In the morning, Lucia finds the corpse.  In her panic, she takes the body out to sea in a motor boat (they live in Balboa) and sinks it with the anchor.  The body is soon discovered. Then bad guy Nagel, an associate of the deceased, gets his hands on Bea’s love letters to Ted and sends his buddy Martin Donnelly (James Mason) to threaten Lucia that they will go to the police with the letters unless she pays them $5,000 more or less immediately.

But Lucia doesn’t have the money and can’t think of a way to get it without involving her husband, which she still is unwilling to do.  Fortunately for her, Martin develops an affection for her.  Now they are both in great danger from the ruthless Nagel.

So far I have found Ophül’s American films a mixed bag but I really liked this one.  The acting is first rate and the story is interesting and beautifully filmed. This part was totally against type for the usually seductive Bennett and she was excellent in it.  Mason is Mason.  I don’t think I have seen him with a bit of an Irish brogue in his accent before.

I have to admit I was frustrated with the ending, however. I felt like a certain undeserving party got let off the hook too easily.  Maybe I should have worked for the Hayes office! Actually, I don’t know how they got away with this in 1949.

Fan trailer – montage of clips and stills (spoilers)

 

 

Kiss Me Deadly (1955)

Kiss Me Deadly
Directed by Robert Aldrich
Written by A.I. Bezzerides based on the novel by Mickey Spillane
1955/USA
Parklane Pictures Inc.
Repeat viewing/Netflix rental
#308 of 1001 Movies You Must See Before You Die

 

[box] Velda: You want to avenge the death of your dear friend. How touching. How sweet. How nicely it justifies your quest for the great whatsit.[/box]

I still don’t exactly understand how the conspiracy was supposed to work here but it doesn’t matter much anyway. Style is the thing and this move is full to over-flowing with it.

Tough-guy private eye Mike Hammer (Ralph Meeker) is driving down a lonely road in his ultra-cool convertible at night when he is waved down by a frantic blonde, Christine (Cloris Leachman in her big-screen debut).  She takes one look at the car and has Mike’s number “You have only one real lasting love – you.”   Christine is clearly terrified.  She has just escaped from an asylum and is naked under her coat.  She tells Mike to forget her if he is able to deliver her to her bus stop.  If not she pleads, “Remember me.”

They do not make it to the bus stop.  The car is waylaid by some mysterious men and the two are taken to a secret location where they are evidently pumped full of drugs.  Mike has hazy, hallucinatory dreams.  When the men are through with them they take the car and push it off a cliff.  Christine dies but Mike survives and wakens from a coma to the ministrations of his secretary/lover Velda and the unwanted attentions of Lt.

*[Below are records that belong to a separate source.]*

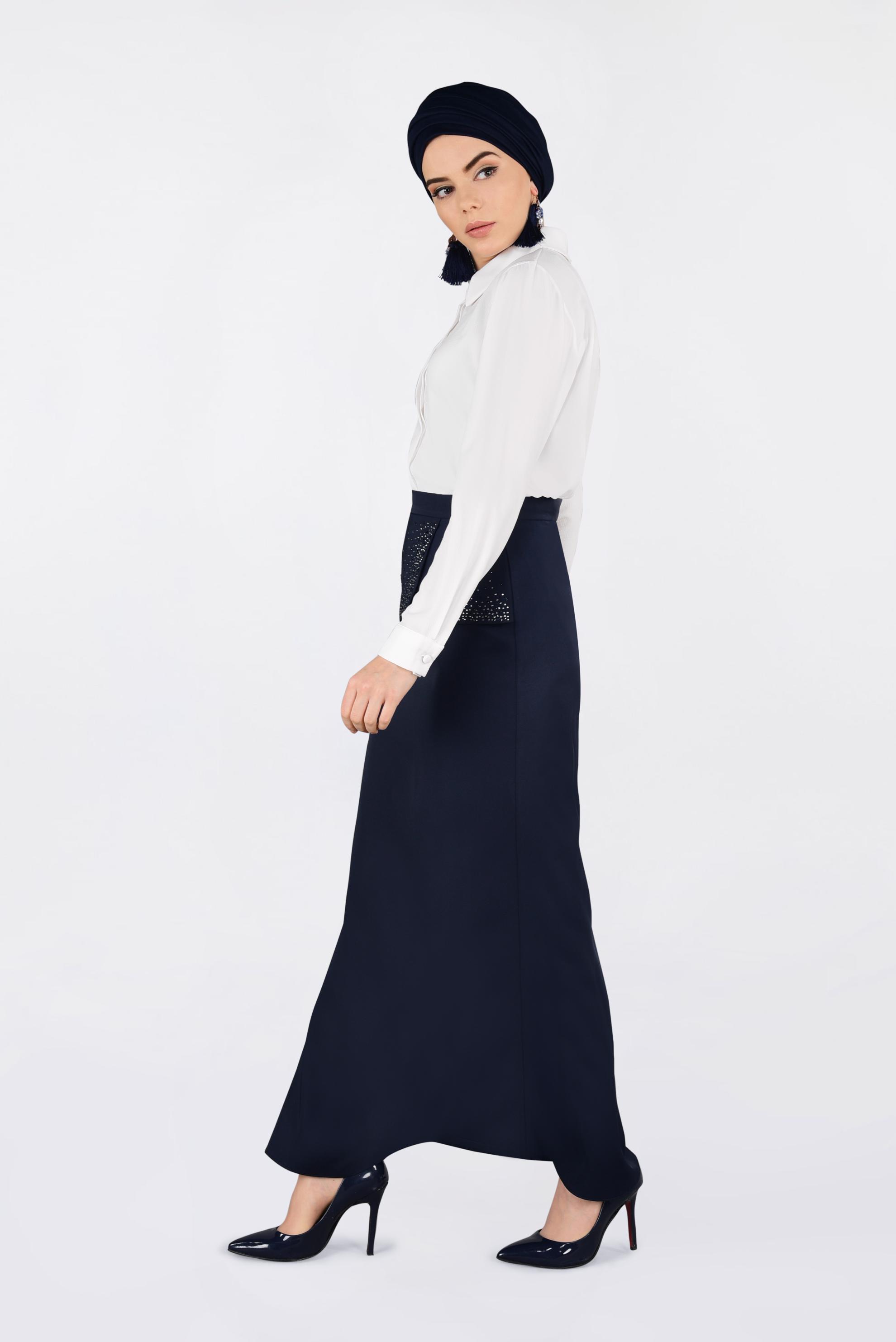 Tesettür giyim LACİVERT TAŞ DETAYLI BALIK ETEK 6204
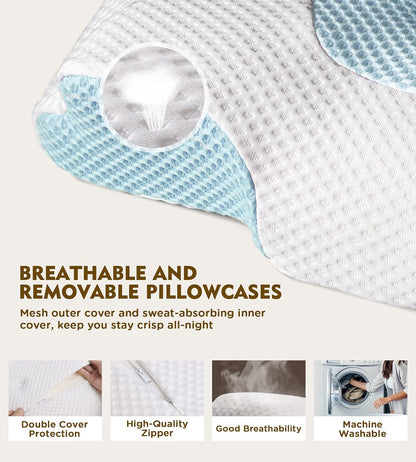 Cervical Pillow for Neck Pain Relief, Hollow Design Odorless Memory Foam Pillows with Cooling Case, Adjustable Orthopedic Bed Pillow for Sleeping, Support for Side Back Sleepers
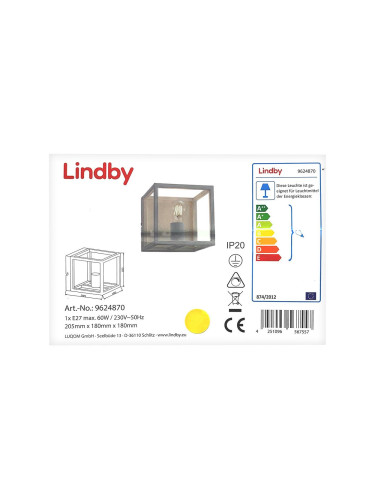 Lindby - Аплик MERON 1xE27/60W/230V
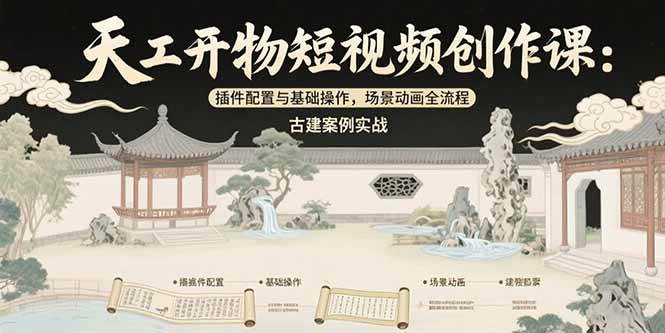 图片[1]-（15418期）天工开物短视频创作课：插件配置与基础操作，场景动画全流程 古建案例实战-千城资源网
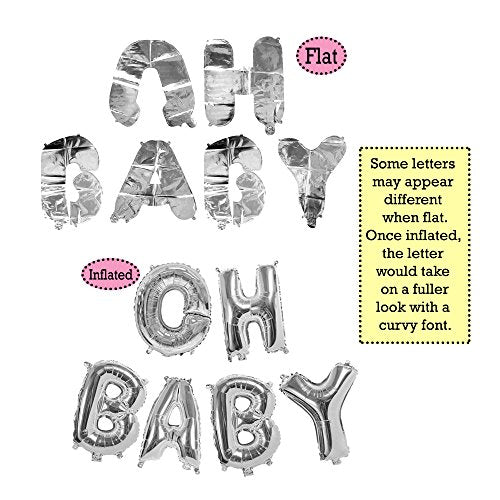 Giant Oh Baby Silver Foil Letter Balloons 40 Inch Metallic Gender Reveal Birthday Party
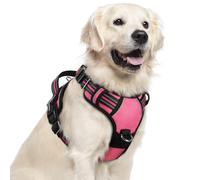 rabbitgoo Harnais anti-traction pour chien réglable avec 3 boucles, harnais rembourré doux pour animal domestique avec poignée de contrôle facile et bandes réfléchissantes, rose, taille XL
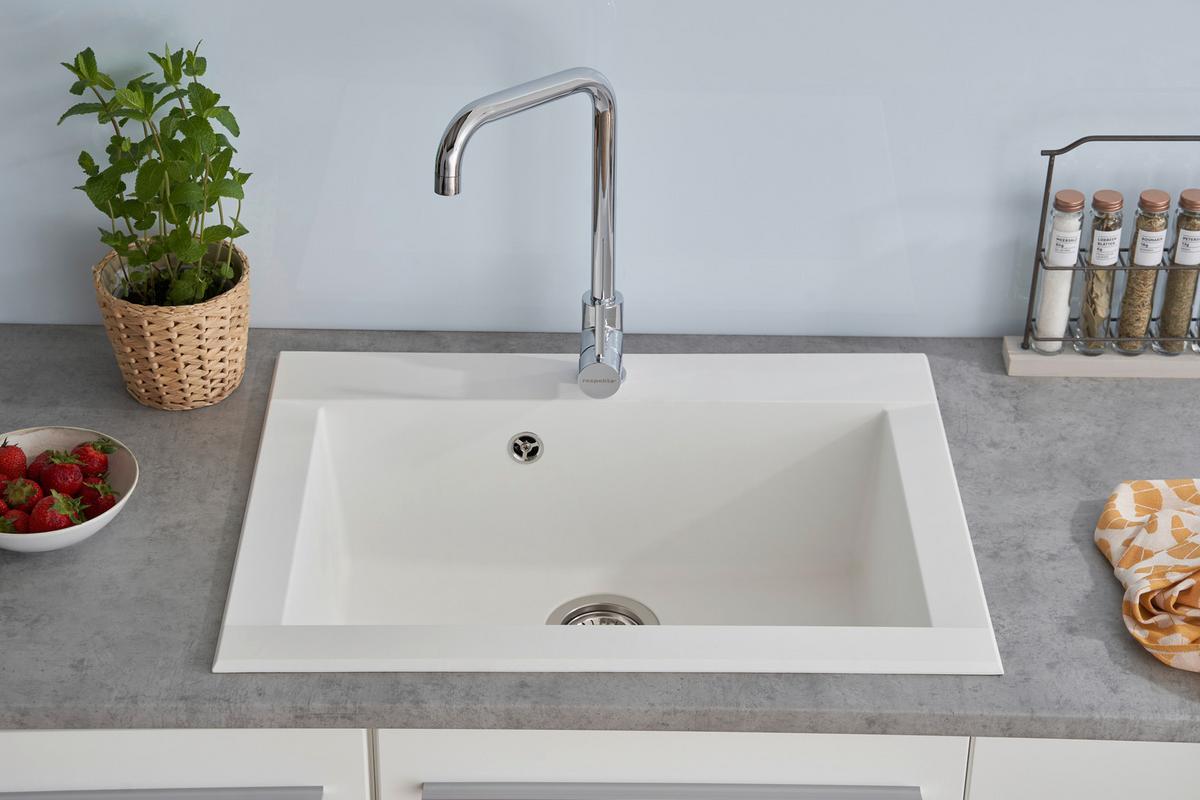 Spüle Respekta Ohio Kunststein Bxt: 66x50 cm - Weiß, Trend, Glas/Kunststoff (66/21/50cm) - Respekta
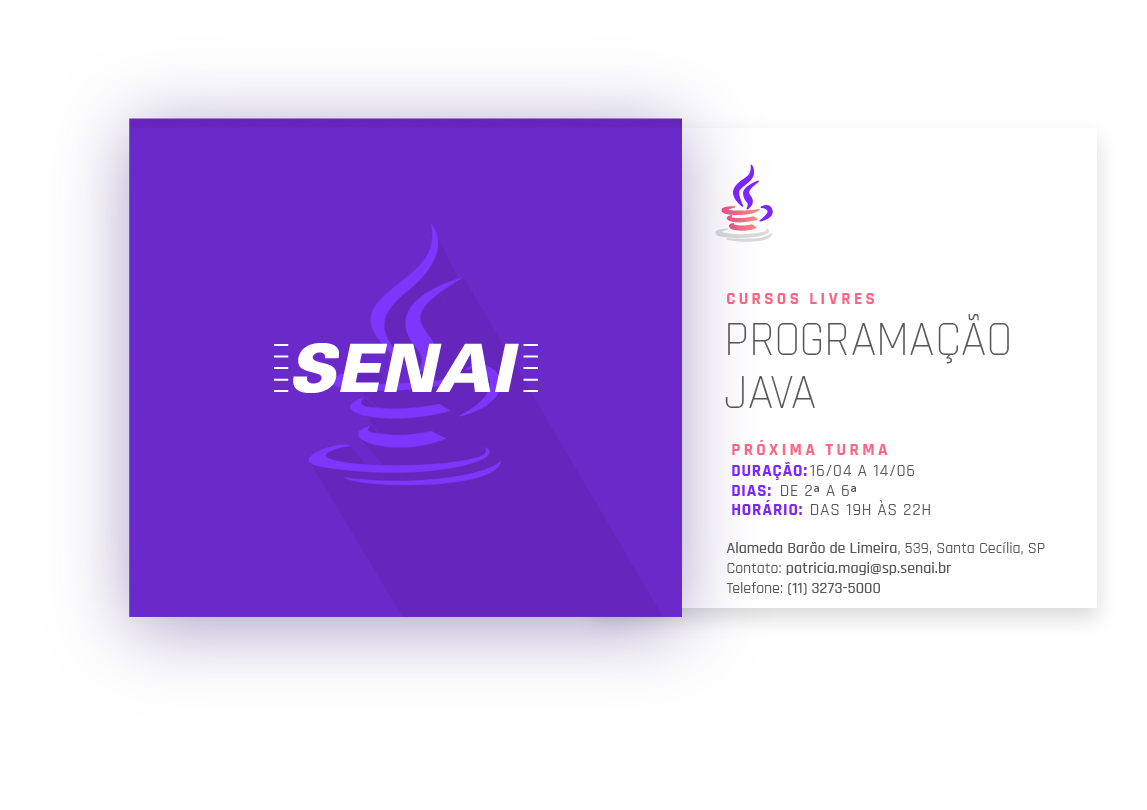 senaiinfo's tweet image. Ainda tem vaga para #ProgramaçãoJAVA!
Corre para garantir mais um certificado com o selo #SENAI de qualidade! 💜 🏃♀️
Link para a inscrição: goo.gl/dUc5vS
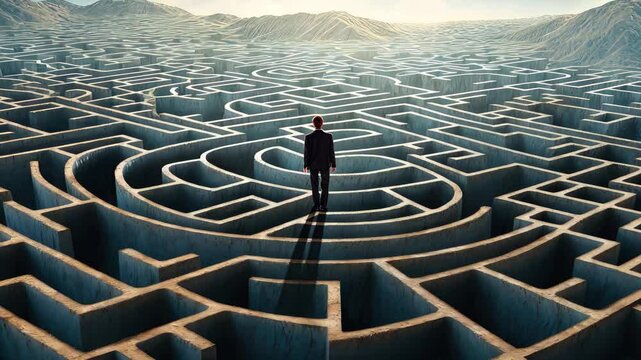 A businessman navigates a complex maze from a sky view, illustrating challenges faced in decision-making and problem-solving in a dynamic environment at daytime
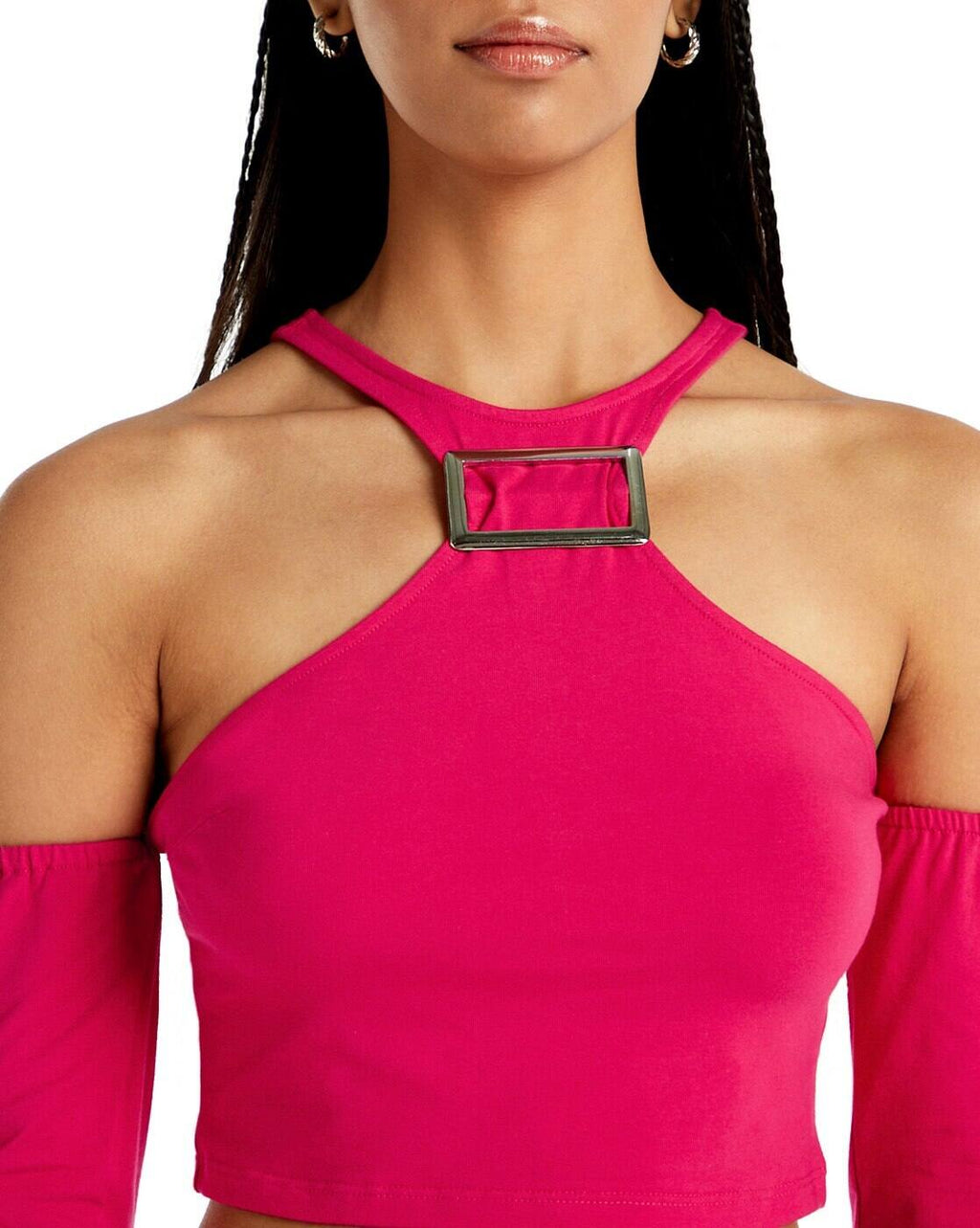 Crop Top with Off-Shoulder Sleeves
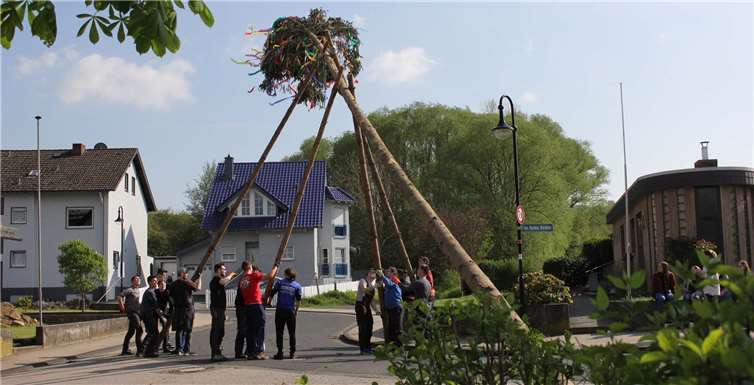 Mit viel Muskelkraft und nur mit Hilfe von zwei „Schwalben“ stellten die Waldorfer Junggesellen traditionsgemäß den Maibaum an der Vinxtbachhalle auf. Foto: -WK-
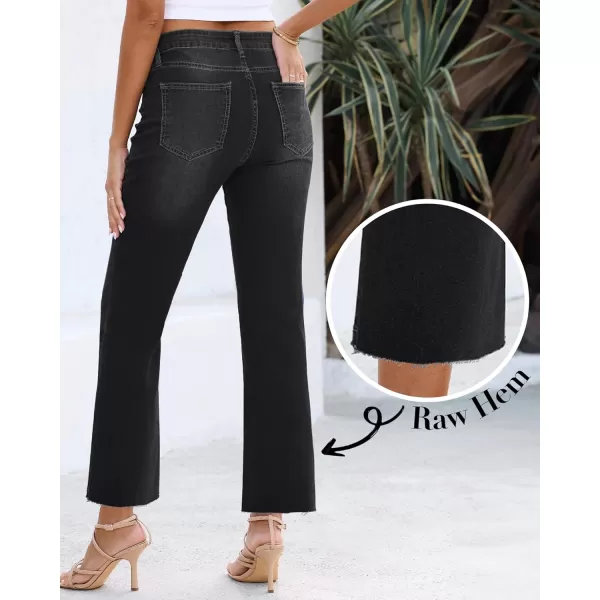 GRAPENT Flare Jeans for Women High Waisted Trendy Cropped Jeans Stretchy Denim Pants Raw Hem Ankle Trouser Jeans PocketsWashed Black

Murphy, who takes away Mike’s P.I. license and gun permit.

Mike decides that, if Christine knew something, it must be valuable and, ignoring his lack of official sanction, investigates it.  He meets many shady characters and witnesses throughout the very convoluted plot.  Suffice it to say that he comes to blows with most of them and tortures the rest. The exception is Christine’s roommate Lily, who is afraid of a similar fate.  To her he gives shelter.  Otherwise, the mayhem continues until the spectacular climax that closes the film.  With Albert Dekker and Jack Elam as bad guys and Percy Hilton as a pathologist.

As an exercise in pure B-movie style with all the stops pulled out, this is hard to beat.  It was hard to select stills.  They are all so awesome.  But they don’t fully capture the visual artistry of the film with its crazy angles and roaming camera.  The dialogue is a pulpy delight and the delivery of the actors matches it perfectly.  I imagine that Godard and Tarantino got a lot of inspiration from this one.  Highly recommended for those that like this kind of thing.